Professional liability policies often exclude fines, liquidated damages and punitive damages. In a recent ruling, the Swedish Supreme Court held that liquidated damages sustained by an insured’s counter party were covered by a professional liability policy when the counter party claimed damages from the insured corresponding to the liquidated damages. The precedent has answered a question of importance for the insurance and construction industries.
The background of the case no. NJA 2018 p. 834
The construction company Byggdialog AB (“Byggdialog”) was contracted by Bo i Väsby AB (“BVAB”) to build a school. Byggdialog contracted the technical consultancy company Integra Engineering AB (“Integra”) to produce the construction documents for this purpose. Pursuant to the applicable general conditions agreed between Byggdialog and Integra, Integra would be liable for loss caused by a negligent performance of the contract. Byggdialog and BVAB had in turn agreed that Byggdialog was liable to pay liquidated damages for delays in the construction.
Integra did not produce the construction documents in accordance with the contract, which caused a delay in the construction project. Byggdialog was obligated to pay liquidated damages in the amount of 2,700,000 SEK pursuant to its agreement with BVAB and subsequently made a recovery claim against Integra corresponding to this amount.
Integra notified the claim to its insurer under its professional liability policy. However, the insurer declined the claim with reference to the policy exclusion for liquidated damages, which provided that fines, liquidated damages or punitive damages were not covered unless there was such liability for damages covered by the policy regardless of if the claim is labelled fines, liquidated damages or punitive damages.
Integra challenged the insurer’s coverage position and initiated an action in the District Court, which used the procedural possibility to refer a specific issue to the Supreme Court. The issue before the Supreme Court was whether the exclusion clause was applicable in relation to Integra’s claim.

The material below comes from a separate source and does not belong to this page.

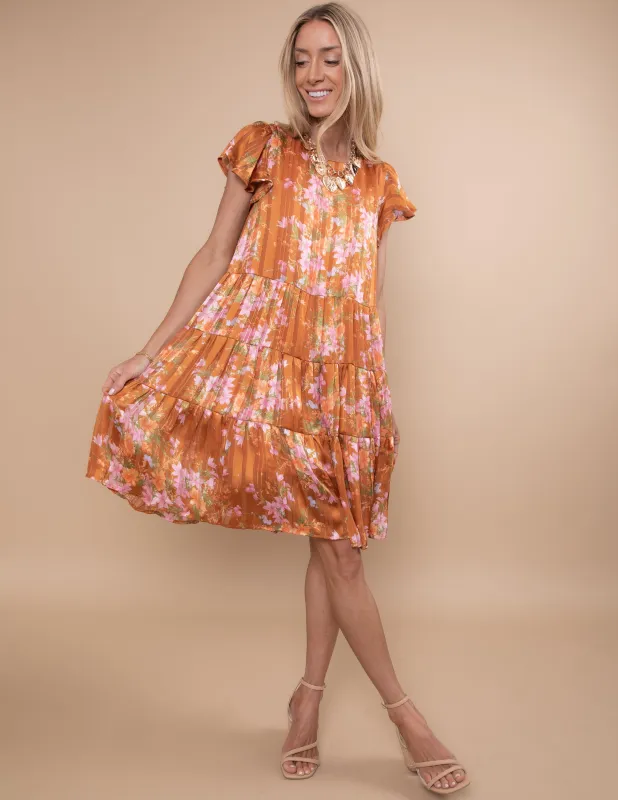 Satin Gold Flower Dress sold by Shop Stevie
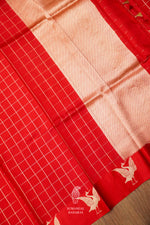 Handwoven Ruby Red Katan Silk Banarsi Saree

The reasoning of the Supreme Court
The Supreme Court held that the wording of an insurance clause is typically fundamental for its interpretation. However, where the wording does not provide a clear interpretation, guidance can be derived from the systematics of the policy and its other terms and conditions. Other factors, such as the purpose of the clause and what would be an objective and reasonable interpretation may also be relevant.
Since liquidated damages in a contract constitute compensation for loss agreed in advance, the Supreme Court held, with reference to the wording of the first part of the exclusion, that a claim for liquidated damages against the insured was not covered by the policy. However, the Supreme Court further held that the wording of the clause did not include liquidated damages that had been paid in a prior stage in the contract chain and passed forward as a claim for damages against the insured.
Further, the Supreme Court held that liquidated damages typically would be a claim for damages when it is passed forward in the contract chain. Consequently, the Supreme Court considered Byggdialog’s claim against Integra as a claim for damages.
In terms of the purpose of the exclusion, the Supreme Court concluded that it was probable that the insurer desired to exclude compensation for loss that did not have any connection with a real loss and that compensation for liquidated damages can include more than the actual loss sustained. According to the Supreme Court, however, that purpose was not stated clear enough by the wording of the clause.
The Supreme Court also considered other relevant factors when interpreting the exclusion clause. A uniform practice in the industry regarding the exclusion had not been established in the case and the Supreme Court concluded that the insurer could have formulated the exclusion clearer. Furthermore, the Supreme Court concluded that an interpretation where liquidated damages were covered by the insurance was reasonable. For this conclusion the Supreme Court considered that a failure to perform correct construction documents typically can delay a project and lead to penalties for the constructor. Consequently, the Supreme Court found that Integra was entitled to indemnification under the insurance.
The Supreme Court’s ruling answers the important question if liquidated damages that are passed forward through the contract chain can be considered a claim for damages and hence covered by a professional liability policy. Liquidated damages are often included in contracts and may have several purposes. They may prevent breaches of contract; provide a larger compensation when a breach occurs; limit the liability for a breach; and to simplify the process of calculating the loss sustained by a breach of contract (there is no requirement to establish the existence or quantum of a loss).
Since the amount of the liquidated damages will not be determined by the size of an actual loss, the insurer may have difficulties in setting the premium for a professional liability insurance if liquidated damages passed forward are covered by the insurance. The ruling may cause insurance companies to adjust the exclusion clauses for liquidated damages in their professional liability policies. However, construction companies should be aware that they might have a contractual obligation to have an insurance that covers its contractual obligations. A construction company that does not have a professional liability insurance that covers a claim like the one in this present case might not fulfil its contractual obligation. The insurer and insured should discuss these issues.